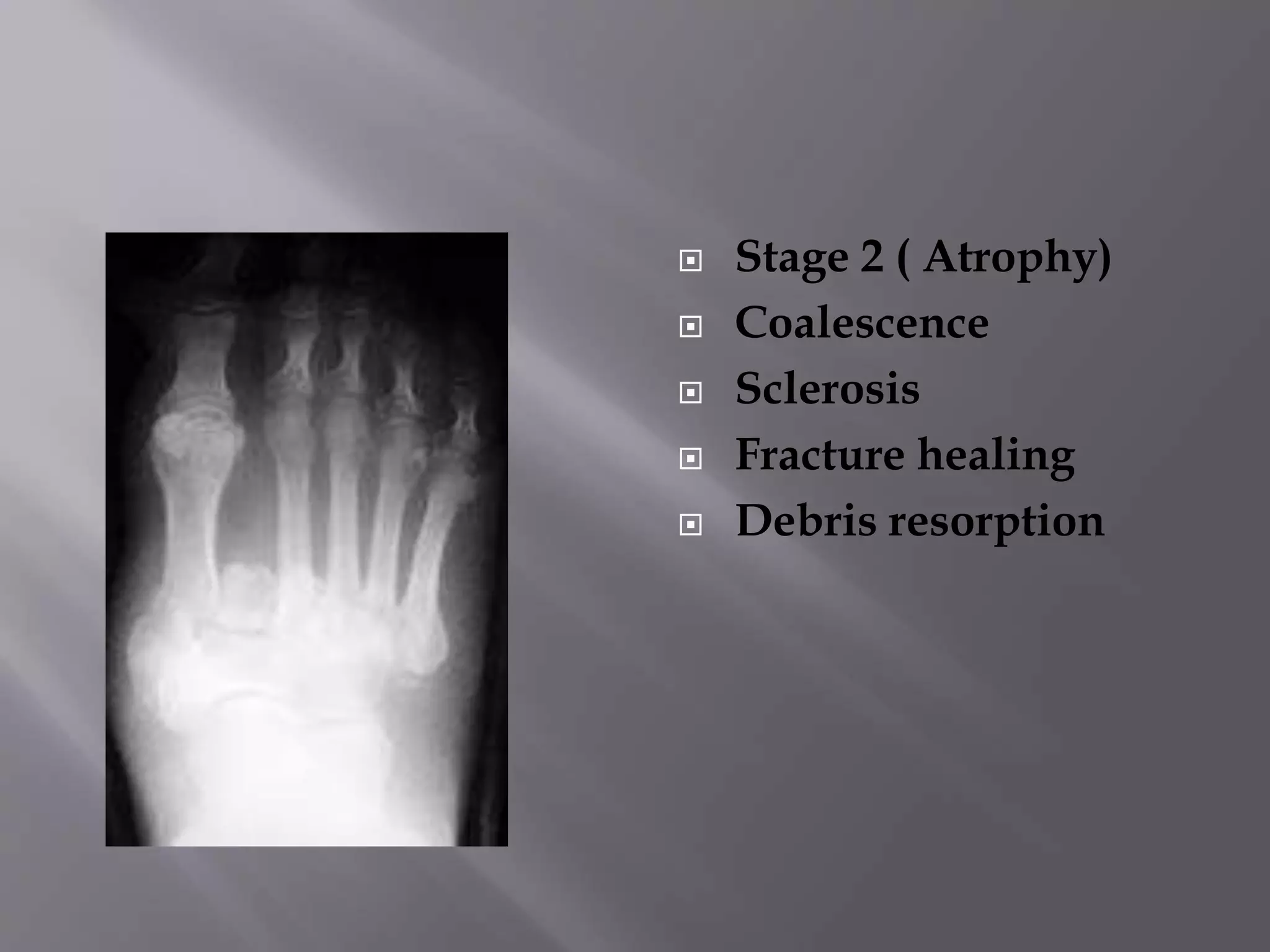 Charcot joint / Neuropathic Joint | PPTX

==*==

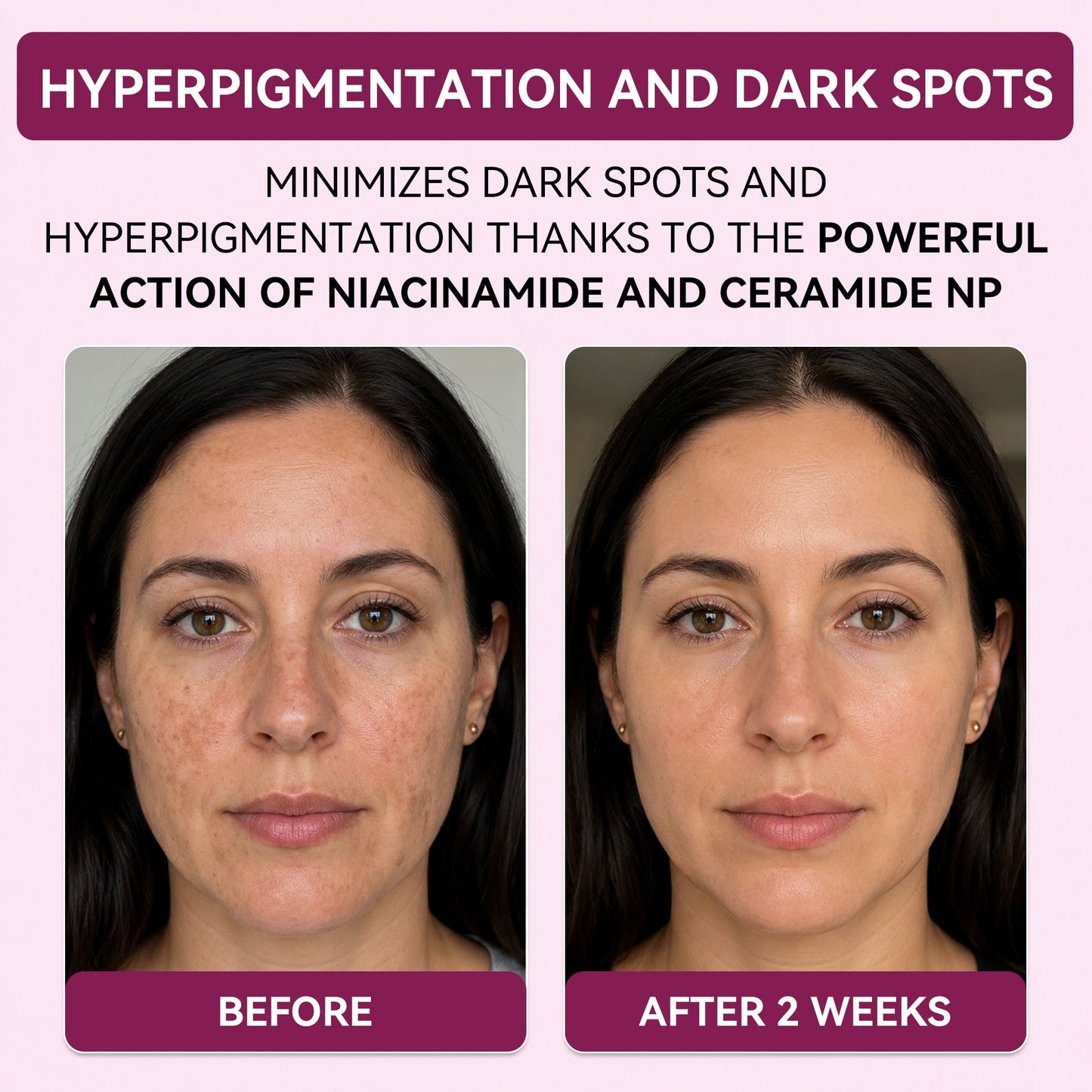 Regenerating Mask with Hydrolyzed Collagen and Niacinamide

==*==

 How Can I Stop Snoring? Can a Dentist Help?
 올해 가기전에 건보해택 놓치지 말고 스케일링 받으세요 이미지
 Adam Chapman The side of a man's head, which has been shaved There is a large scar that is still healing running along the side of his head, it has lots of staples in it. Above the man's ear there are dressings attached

==*==

WHAT YOU NEED TO DO
Please reproduce, exactly as they appear above, the lines from the line containing "How Can I Stop Snoring? Can a Dentist Help?" up to and including the line containing "Adam Chapman The".

PROBLEM SOLUTION
 How Can I Stop Snoring? Can a Dentist Help?
 올해 가기전에 건보해택 놓치지 말고 스케일링 받으세요 이미지
 Adam Chapman The side of a man's head, which has been shaved There is a large scar that is still healing running along the side of his head, it has lots of staples in it. Above the man's ear there are dressings attached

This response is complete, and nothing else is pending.